While the proposal attracted 205 votes in favor against 166 opposed, it failed to get the two-thirds affirmative vote needed under state law when towns are seeking to borrow money. “It’s a shame,” said Selectman Sheldon Sawyer, “because so many people have worked so long and hard in putting together the proposal over the last year.”
One hundred and six North Walpole voters registered for ballots at Saturday’s meeting (as compared to about 30 at its Village Meeting in March), and it appeared that the great majority of them opposed to the proposal. But clearly some voters from other areas of Walpole opposed the proposal as well as showed by the final tally.
Conservation Commission chairman Gary Speed had explained the purposes of the proposed purchase as twofold: to buy for the town a little more protective land around one of the town’s main drinking water wells and to protect in perpetuity a piece of high quality farm land from any possible use other than farming. He quoted the Commission’s 2006 Walpole resident survey that found that 86% of respondents favored taking steps to protect the town’s drinking water aquifers and 88% favored protecting existing farmland from development.
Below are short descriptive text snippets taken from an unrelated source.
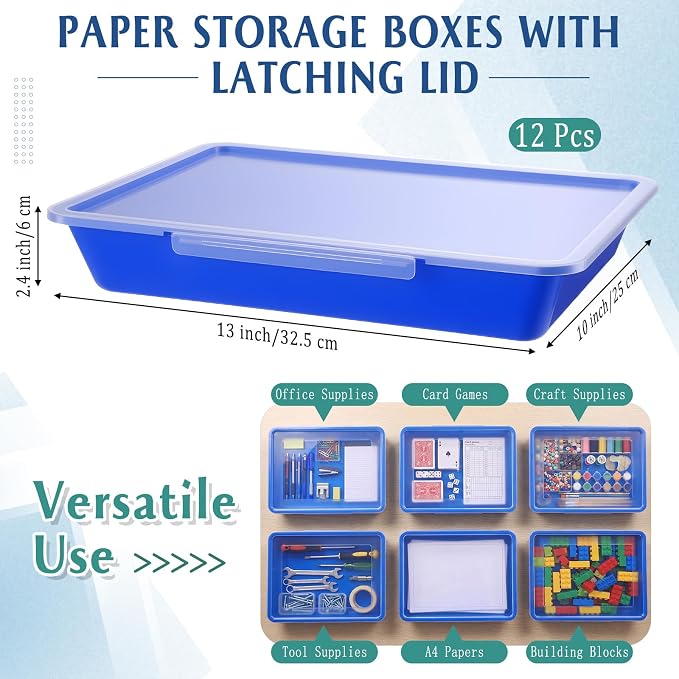 Tinlade 12 Pcs Classroom Paper Storage Bins with Clear Latching Lid, Label Stackable Letter Size Flat Tray Container for Teacher Back to School Supplies Home Office Desk Arts Crafts (Blue,13x10in)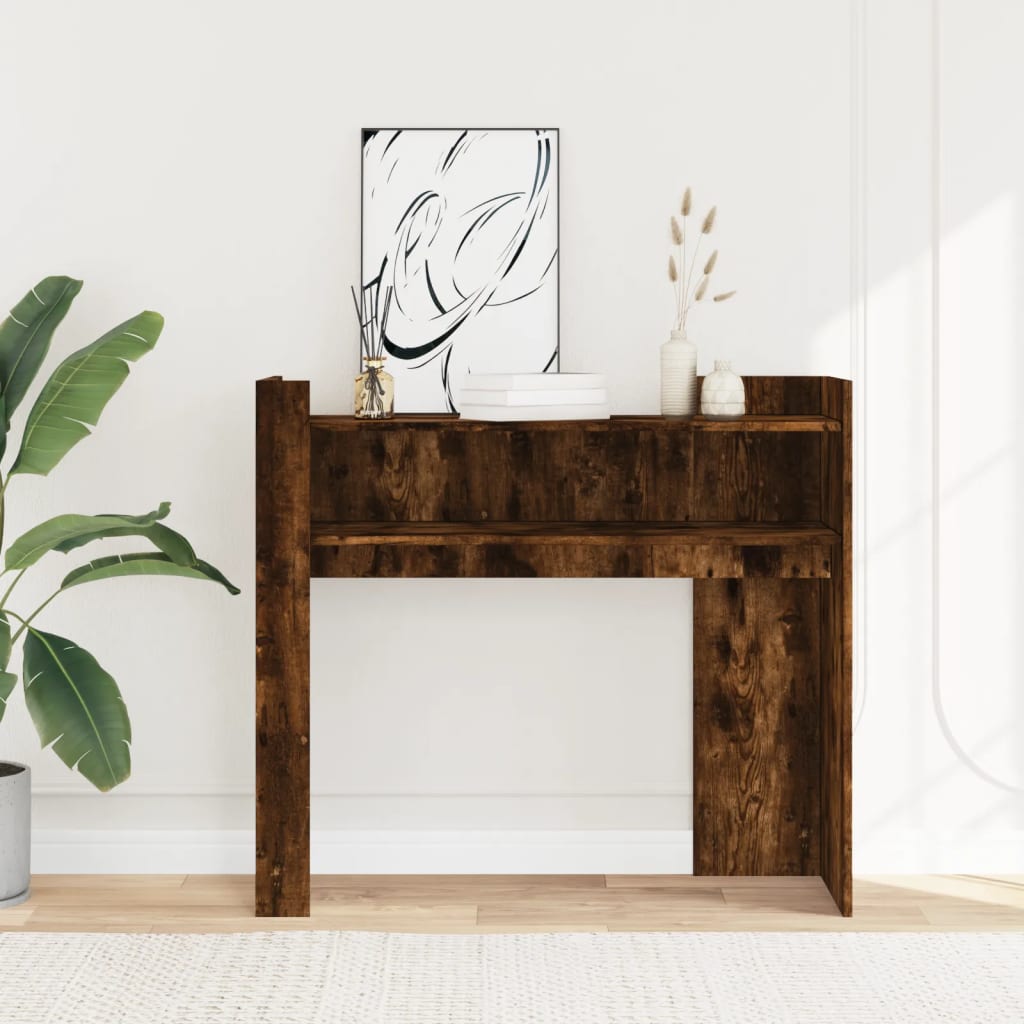 Console Table Smoked Oak 100x35x90 Cm Wood Based Material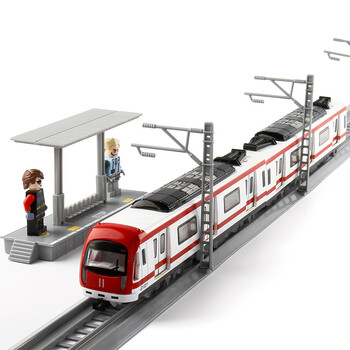 地铁玩具加轨道 金属城市地铁轨道列车火车合金车模真人语音动车组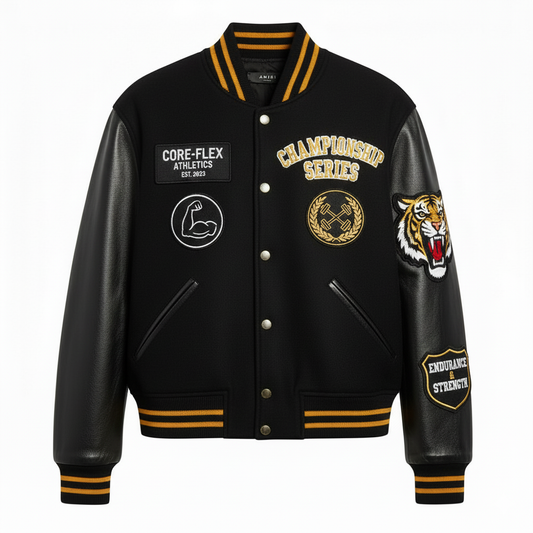Black varsity jacket with gold accents and various logos on a white background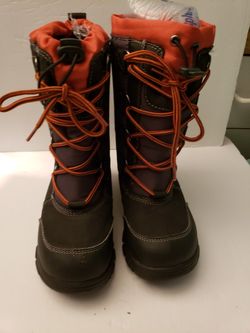 Children's Place Boots Unisex Black Orange Warm 2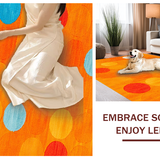 Ultra Soft Area Rug, Non Slip, Stain Resistant, Washable Area Rugs for Living Room, Bedroom, Playful Circular Educational Aesthetic(Orange)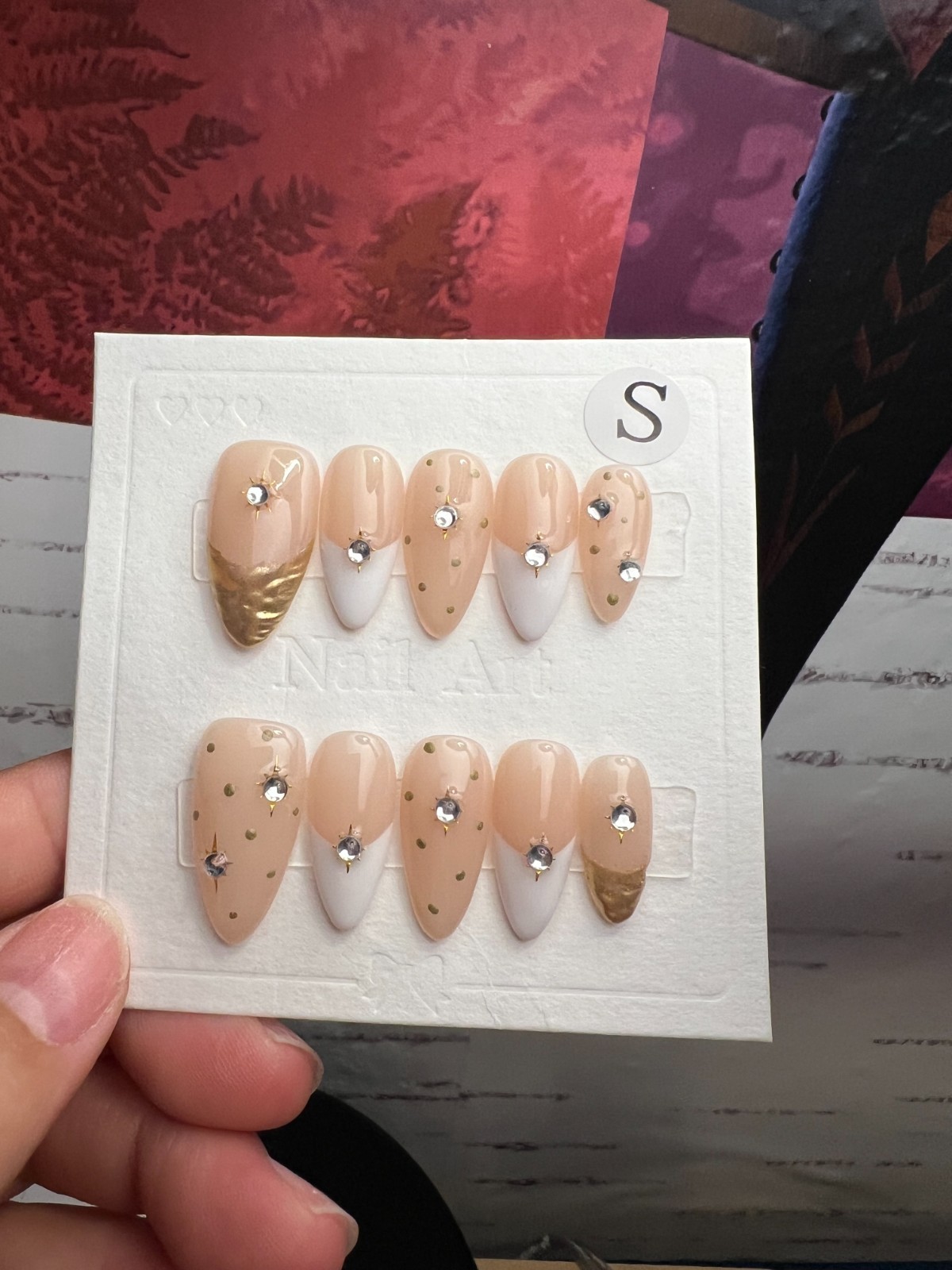 Handmade Press on Nails Size S, Almond Shape with Multiple Designs NEW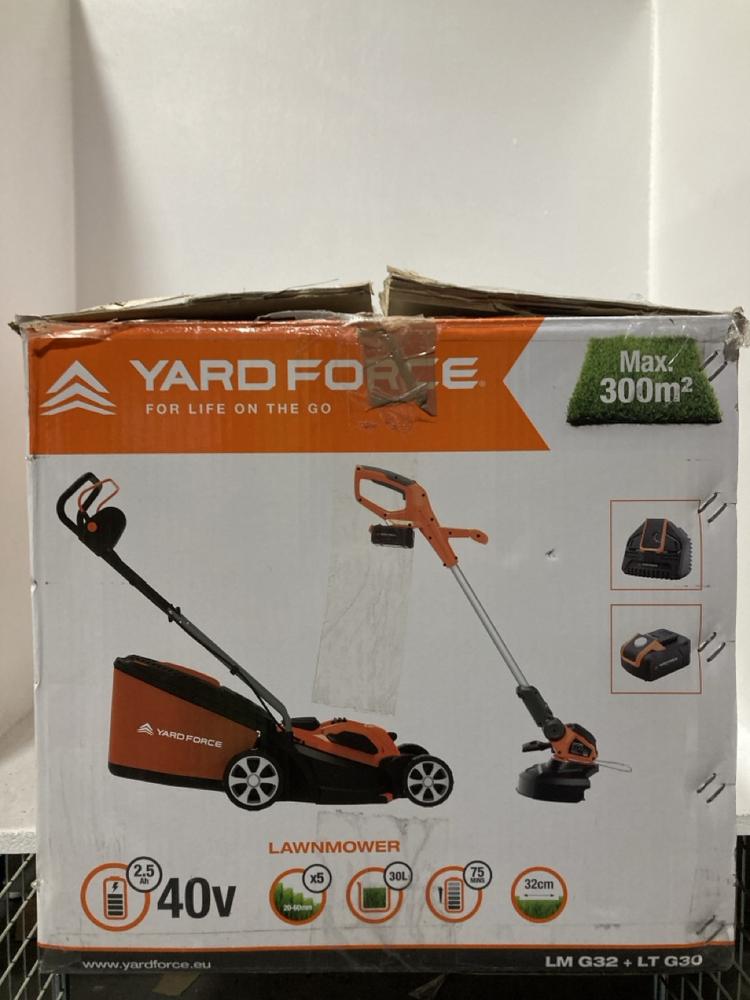 Lot 541  
            Chesterfield SR47 - Parcel Delivery Only 

                
YARD FORCE CORDLESS LAWNMOWER AND GRASS STRIMMER TWIN PACK ORIGINAL RRP £189 (LOC...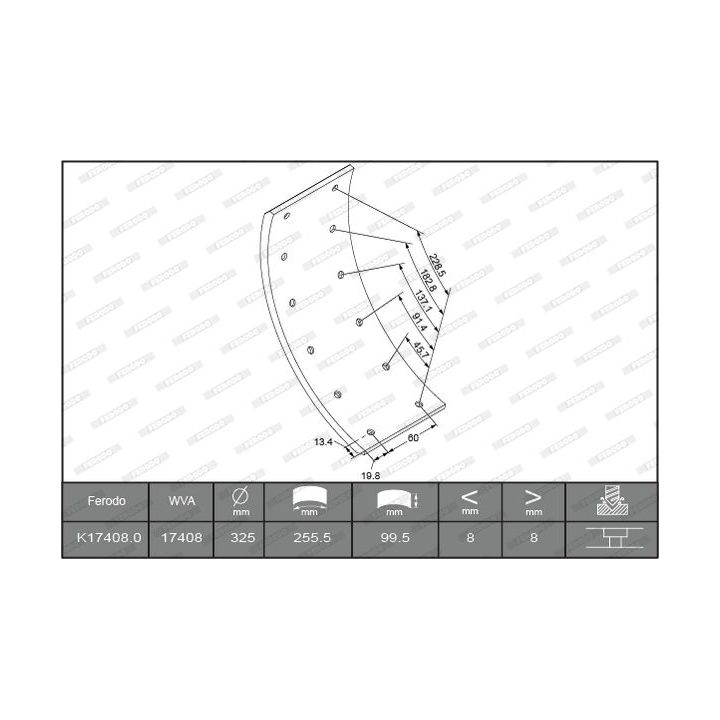 Stabdžių antdėklo rinkinys, būgninis stabdys FERODO K17408.0-F3653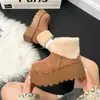 Botas de Nieve Gruesas para Mujer que Aumentan la Altura 2026 Nuevo Estilo de Invierno Cálidas Forradas de Felpa Botines Cortos de Piel Moda Ugly-Cute Cabeza Grande Zapatos de Algodón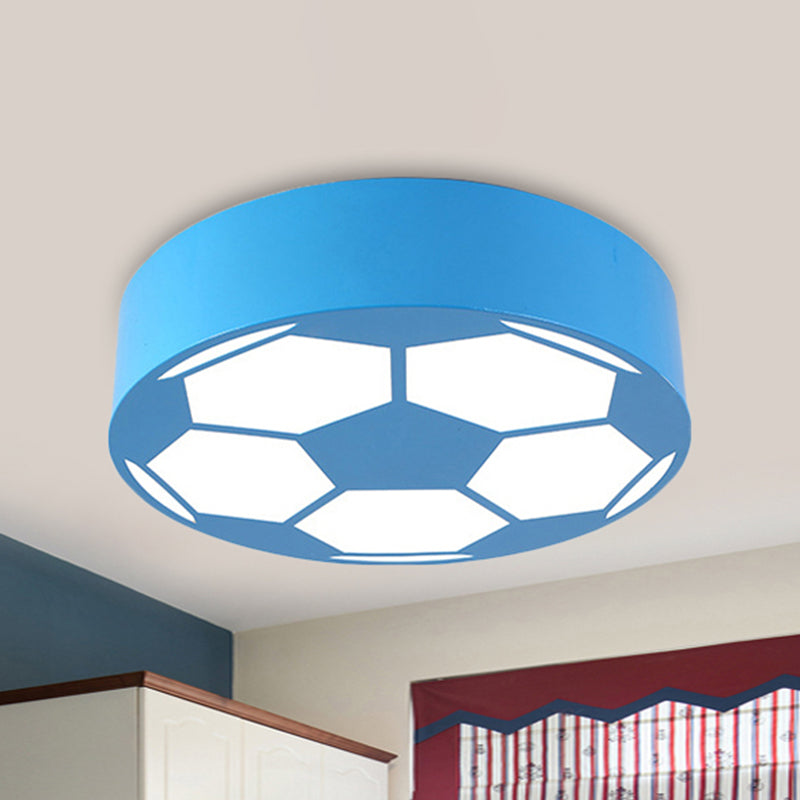 Lámpara de techo con tema deportivo, luz de montaje en techo de fútbol plana acrílica para dormitorio de niños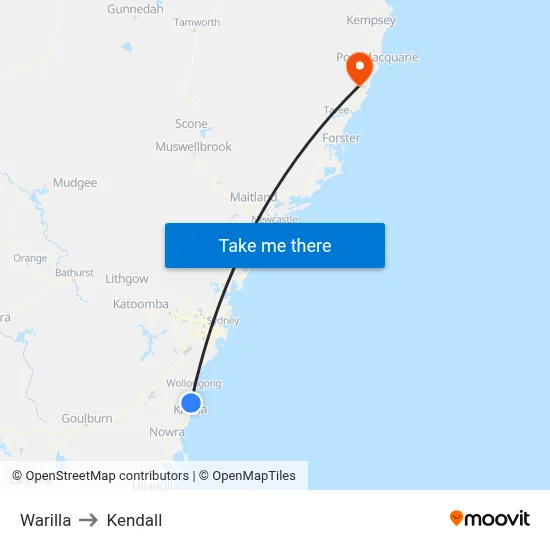 Warilla to Kendall map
Speed said that Commission members and Selectmen had, in fact, changed the proposal in recent weeks to respond to concerns raised in the public bond hearing in April. First, in response to objections from North Walpole voters that it would tax them for protecting a well that they do not use, the Selectmen had withdrawn from the proposal the purchase of the wellhead land by arranging, instead, for the Walpole Water Department to buy it out of existing surplus. Second, Speed said that Marques Lovell-Smith, who had a right of first refusal on any future sale of the land to a farmer, had relinquished that right so that the future auction of the land would be guaranteed to go to the highest qualified public bidder. This responded to an objection voiced by some in the agricultural community that they really would have no realistic opportunity to acquire the land with the easement limiting it to farming.
Despite those concessions, a heatedly vocal minority spoke against the proposal and, at times, tried to shout down the moderator, Ernie Vose. Proponents of the plan urged passage to provide long-term protection of valuable food-growing area and to protect the water supply. Passionate opponents objected to raising the necessary taxes, even the estimated “worse case” of $18 per year per hundred thousand of assessed valuation over ten years. Other objectors argued that the town should save the money and rely on its Zoning and Planning Boards to prevent unwelcome development in the area.
Jackie Caserta, proprietor of The Inn at Valley Farms in Walpole, argued “we’re being hit more and more often with development proposals that are harder and harder to avoid. This is beautiful and important farmland. For only $18 per year per thousand dollars of valuation for ten years at the most, we can protect this land forever. Come on, people,” she urged, “don’t be short-sighted!”
In other town business, voters rejected by voice vote a proposal to “throw up” a section of Cochran Rd., a Class 6 road currently owned by the town. Landowners had complained that four-wheel driver vehicles had damaged the road and that it should be given back to abutting owners so they could control it more effectively.